State too small: omitting deadline pressure or hidden traffic breaks the Markov property; policies look optimal on paper and fail in production.
State too large: curse of dimensionality makes value iteration impossible; discretization must be purposeful, not naive per-pixel.
Misspecified rewards: optimizing the wrong R yields perverse policies (skipping hard stops, hoarding easy ones). Align rewards with business KPIs and audit edge cases.
Stale transition model: empirical P from last quarter's traffic mis-predicts holiday behavior; schedule model refresh and drift monitors.
Discount mismatch: using γ = 0.9 on a problem stakeholders evaluate monthly undervalues late penalties.
Ignoring partial observability: treating POMDPs as MDPs without belief state causes oscillation (repeatedly revisiting wrong corridors).
Skipping simulator validation: deploy policies through shadow mode or historical replay before touching live drivers or trading capital.

Practitioner checklist

Define the decision epochs (per stop, per minute, per trade) and episode boundaries.
List state variables that render the future independent of the past; add hidden factors or move to POMDP if needed.

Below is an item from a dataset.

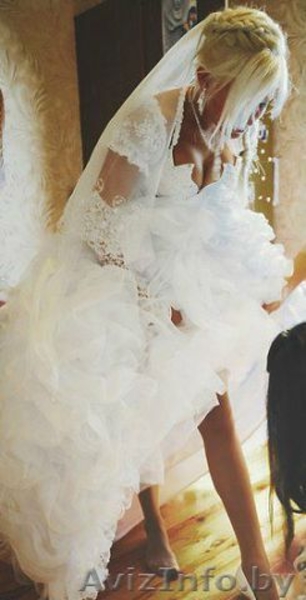 Продам свадебное платье.Б/у - Изображение #5, Объявление #1033046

Specify action constraints per state (capacity, legal moves, risk limits).
Estimate or simulate P(s'|s,a); document data window and non-stationarity risks.

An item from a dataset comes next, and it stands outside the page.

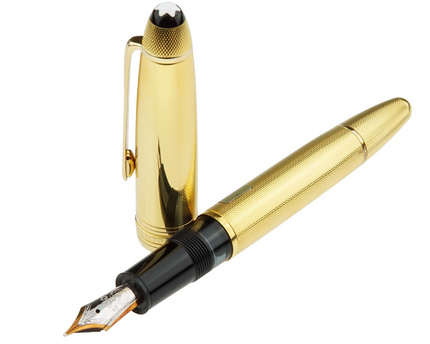 Montblanc Meisterstück Solitaire Gold Plated Füller No.146 LeGrand - meisterstück-shop.de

Design R with stakeholders; test reward hacking scenarios on paper.
Choose discount or average-reward criterion matching the business horizon.

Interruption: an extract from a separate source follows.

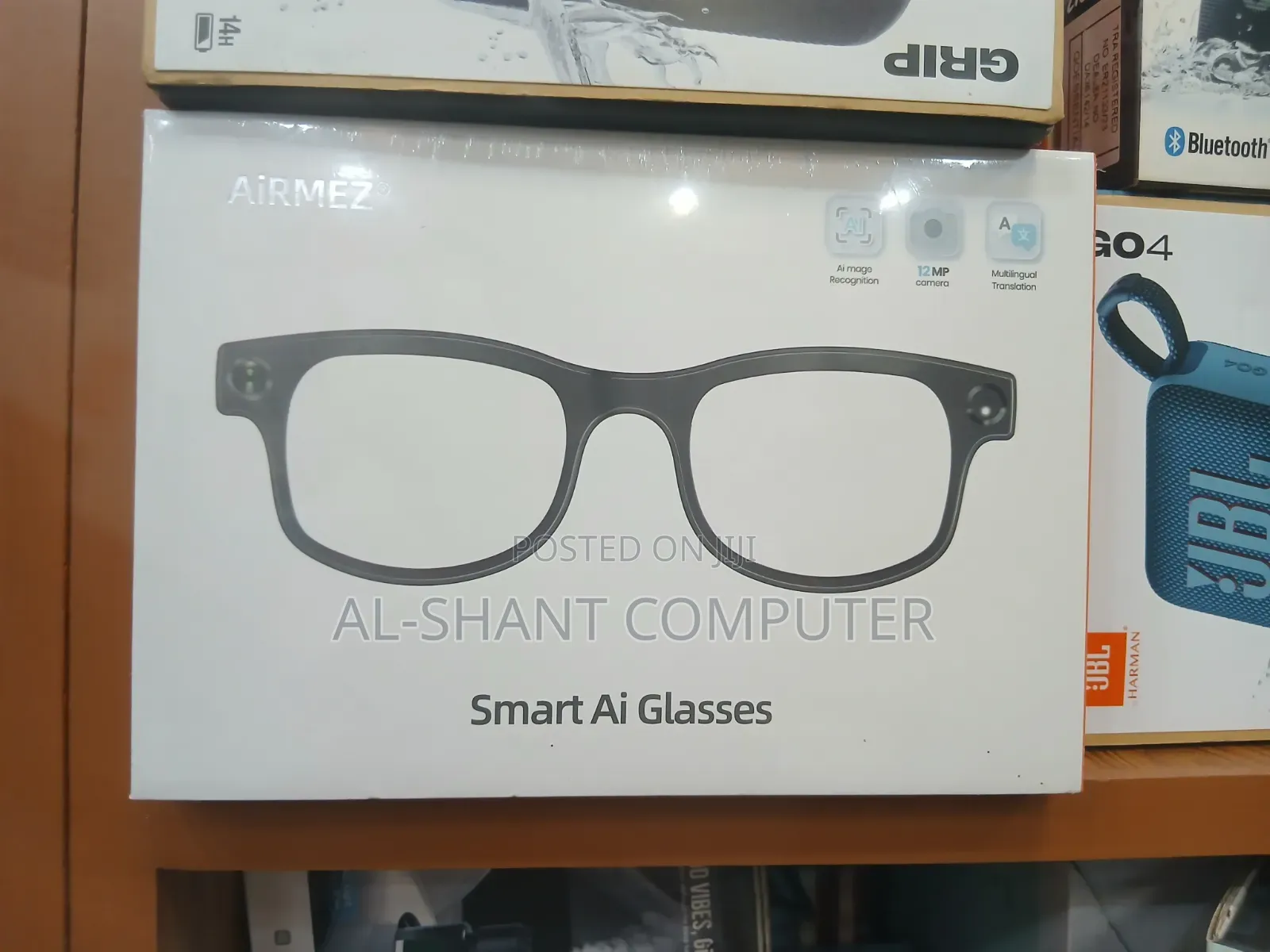 Airmez Smart AI Glasses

Solve with value iteration, policy iteration, or linear programming for small models.
Validate policy via simulation, historical replay, and small live A/B before full rollout.
Monitor KPI drift; trigger model refresh when transition errors or value residuals spike.
Document state abstraction, γ, and policy extraction for audit and handoff to RL teams if scaling up.

Key takeaways

An MDP formalizes sequential decisions with the tuple (S, A, P, R, γ) and the Markov property on states.
Policies induce value functions V^π and Q^π; optimal policies maximize expected discounted return via Bellman optimality.
Value and policy iteration solve small tabular MDPs exactly when the transition model is known.
State design and reward specification dominate engineering effort; wrong abstractions cannot be fixed by a better solver.
Large or unknown models hand off to MCTS, function approximation, and deep RL — but the MDP framing remains the blueprint.